[Scraped caption text data]
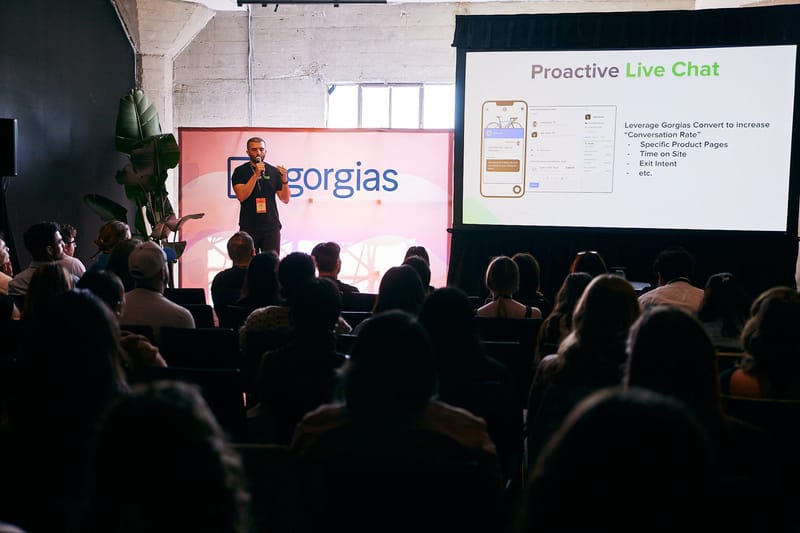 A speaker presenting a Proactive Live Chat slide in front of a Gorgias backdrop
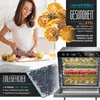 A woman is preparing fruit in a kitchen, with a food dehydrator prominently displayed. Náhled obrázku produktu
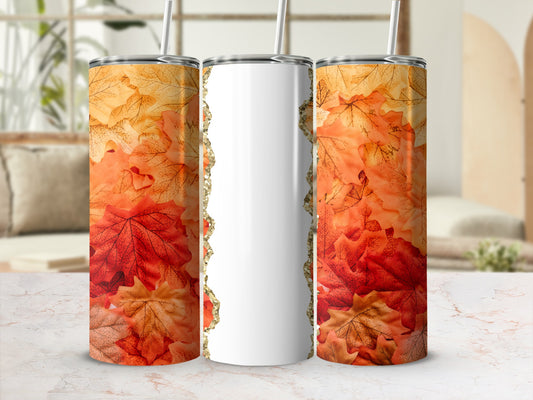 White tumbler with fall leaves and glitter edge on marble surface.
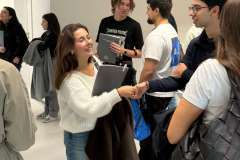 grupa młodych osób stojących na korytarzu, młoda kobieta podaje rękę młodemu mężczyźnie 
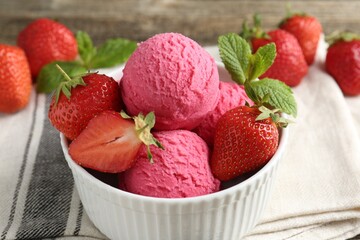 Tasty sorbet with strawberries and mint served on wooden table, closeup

> **Work to be completed**: Reproduce exactly and only the lines from the line that contains "White tumbler with" to the end of the data above, both ends included. No pictures go in the copy.

> **Completed exercise**:
 White tumbler with fall leaves and glitter edge on marble surface.
 grupa młodych osób stojących na korytarzu, młoda kobieta podaje rękę młodemu mężczyźnie 
 Tasty sorbet with strawberries and mint served on wooden table, closeup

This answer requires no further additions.